After they sit overnight, I will cure in oven at 200 for an hour tomorrow. This is essential to finish the curing of the VHT paint. Of course I have NO idea if this eastwood rust encapsulator stuff will work, but at least I tried.....

Still have more cleaning of: front sway bar, strut housings and control arms then they get painted.

Also cleaned and started prepping for paint:
- Gravel Tray - (rust encapsulator and antichip guard chassis black paint)
- Axle shafts - (eastwood rust encapsulator topped with VT engine universal silver)
- Engine mount cross bar. (eastwood rust encapsulator topped with VT engine universal silver)
- Transmission Mount and weight. (rust encapsulator and antichip guard chassis black paint)
- Gas Tank - (rust encapsulator and antichip guard chassis black paint)

**That ends the terrible terrible task of cleaning the rust and dirt and grime of 30+ years and just sitting and rotting parts..... I may have a few odd and ends, but no more piles of rusty parts and pieces..... at least I think........ lol

I still have a pile of stuff to paint that was stripped and cleaned some time ago, chiefly:
- Engine Tins (rust treated then VHT gloss blach high heat case paint)
- Fan housing (Satin black)
- Engine Case (VHT silver after assembly)
- Cyls (light coat of VHT flat black)

It is amazing how rusted and crappy it all was. Layers and layers, and I'm glad I am doing this, as left unattended, these parts would have failed due to rust. Hopefully, the treatments and top coat of fresh paint will extend life for a few more years, and allow me to replace over time. I dont mind the extra time to R&R these parts, as I would have to buy them otherwise...... no think you.

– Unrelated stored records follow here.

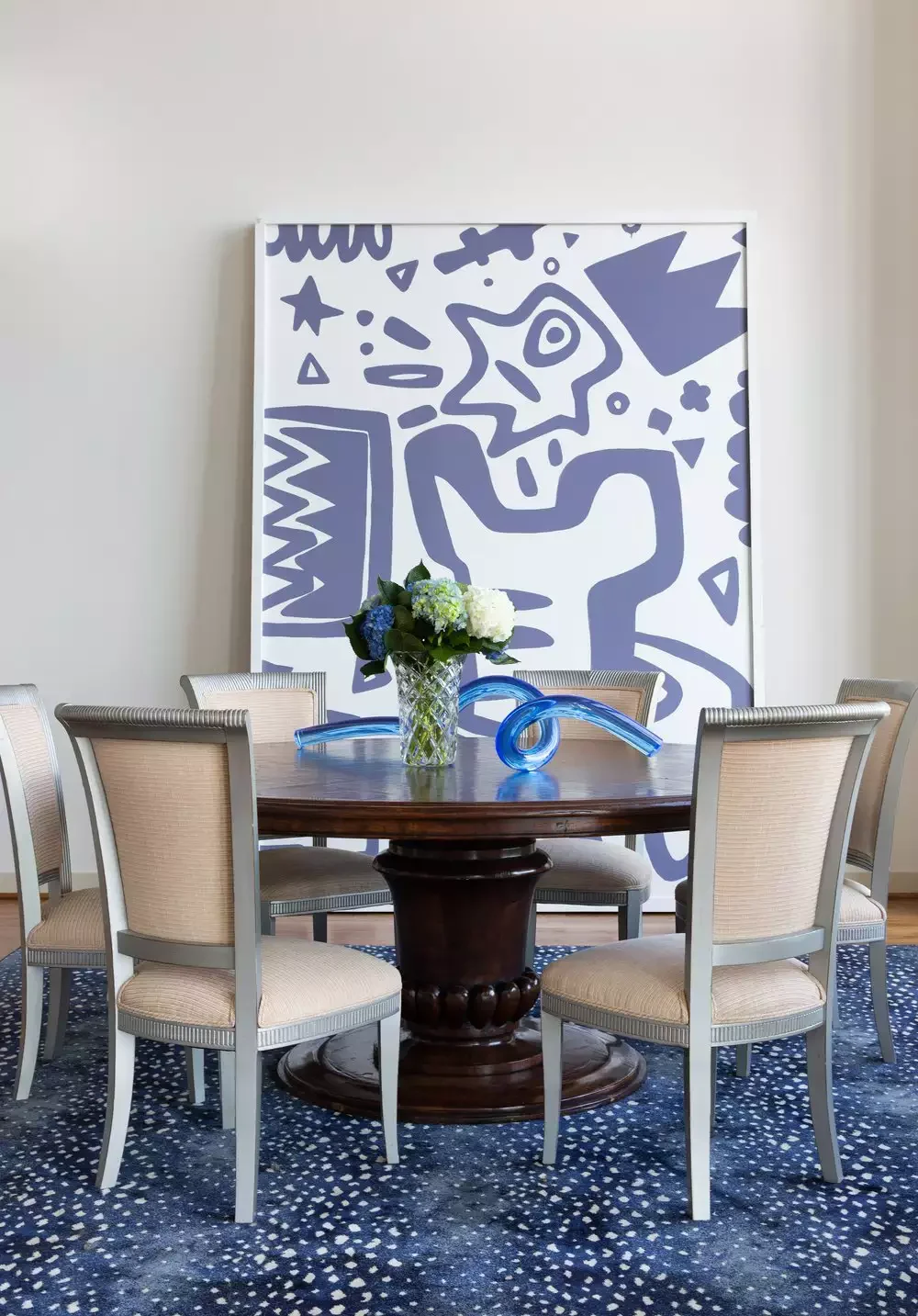 35 Beautiful Dining Room Rug Ideas That Will Transform Your Space 29 Go Big With a Blue Rug and Blue Accents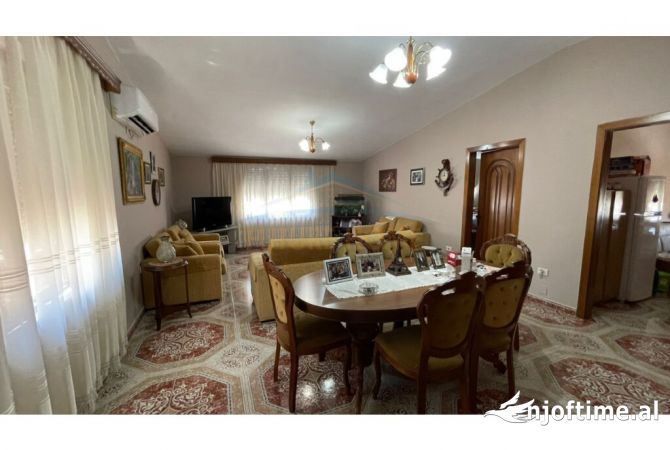 Shtepi me qera 1+1 ne Tirane - 450 Euro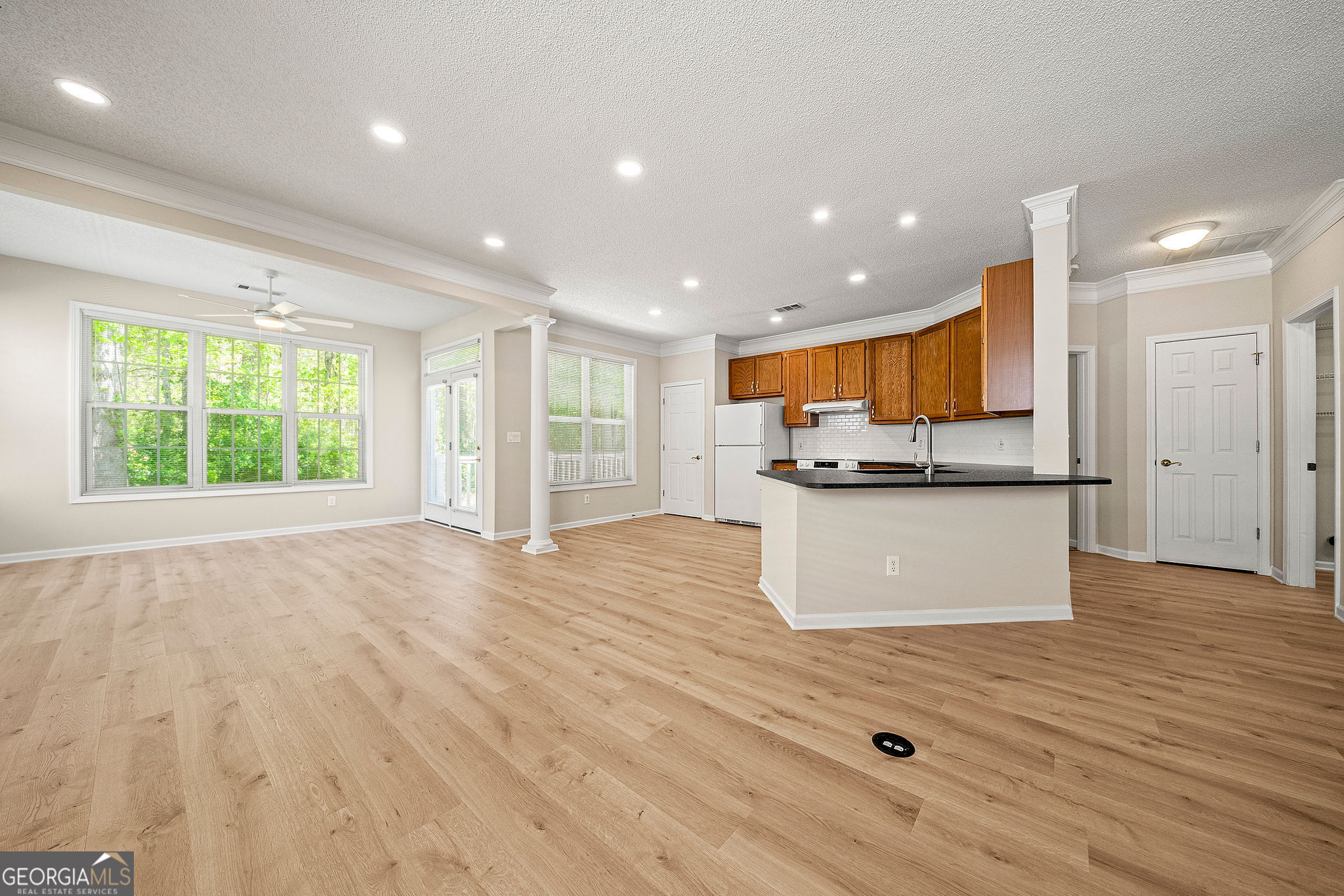 Peachtree City, Georgia 30269, United States, 2 Bedrooms Bedrooms, ,2 BathroomsBathrooms,Residential,Pending,104631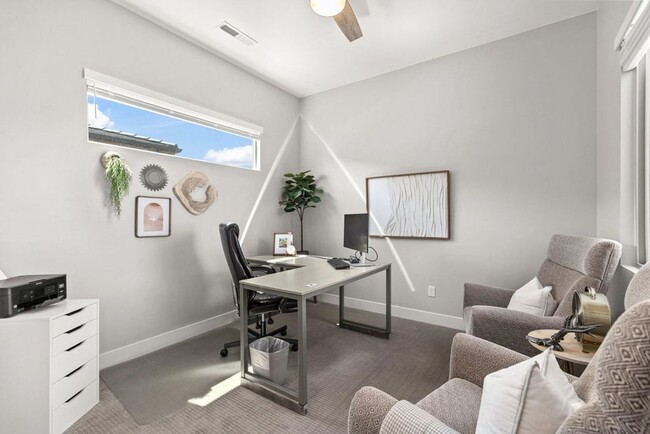 Building Photo - Beautiful 4 Bedroom Home!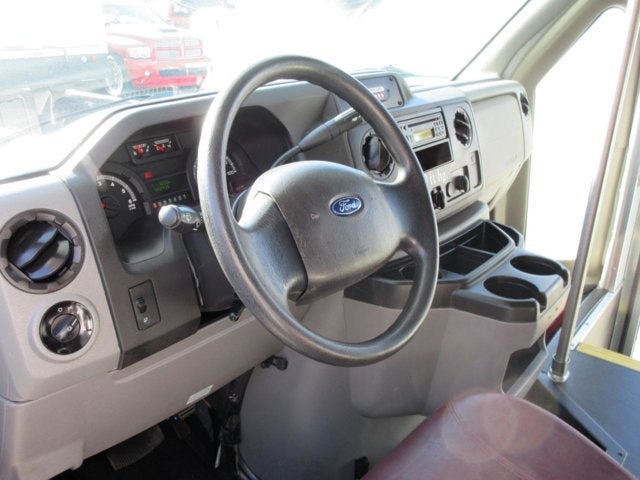 Used 2017 Ford E-350 - photo 8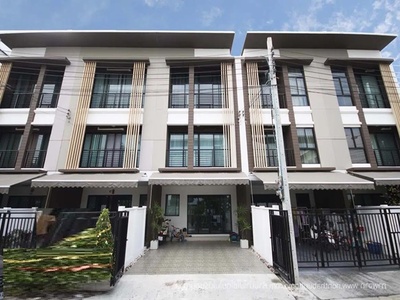 เฟอร์ครบกำนันแม้น กัลปพฤกษ์ MRT บางแค ทาวน์เฮาส์หลังมุม 3 ชั้น 3น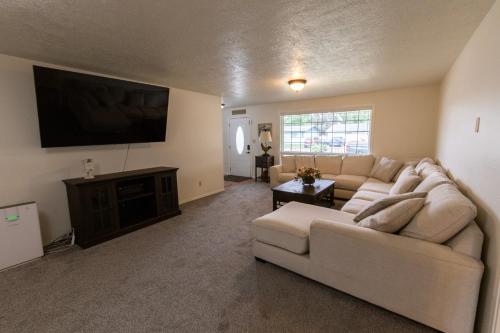 Beautiful spacious home in the heart of emmett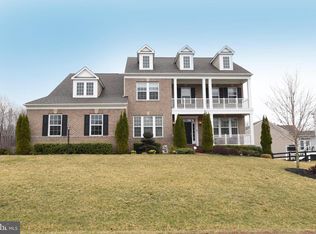 15767 Dorneywood Dr, Leesburg, VA 20176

I also installed the shift knob on the shifter, installed and then uninstalled the blue clutch helper spring (?? how this works makes no sense) finished cleaning the transmission body itself, and reinstalled the clutch throwout bearing arm, shaft and seals. I used the synthetic brake caliper grease for this. Ist great stuff, easy on plastics, repels/resists water, Doesnt ever melt out or run, and is stable in the coldest of temps.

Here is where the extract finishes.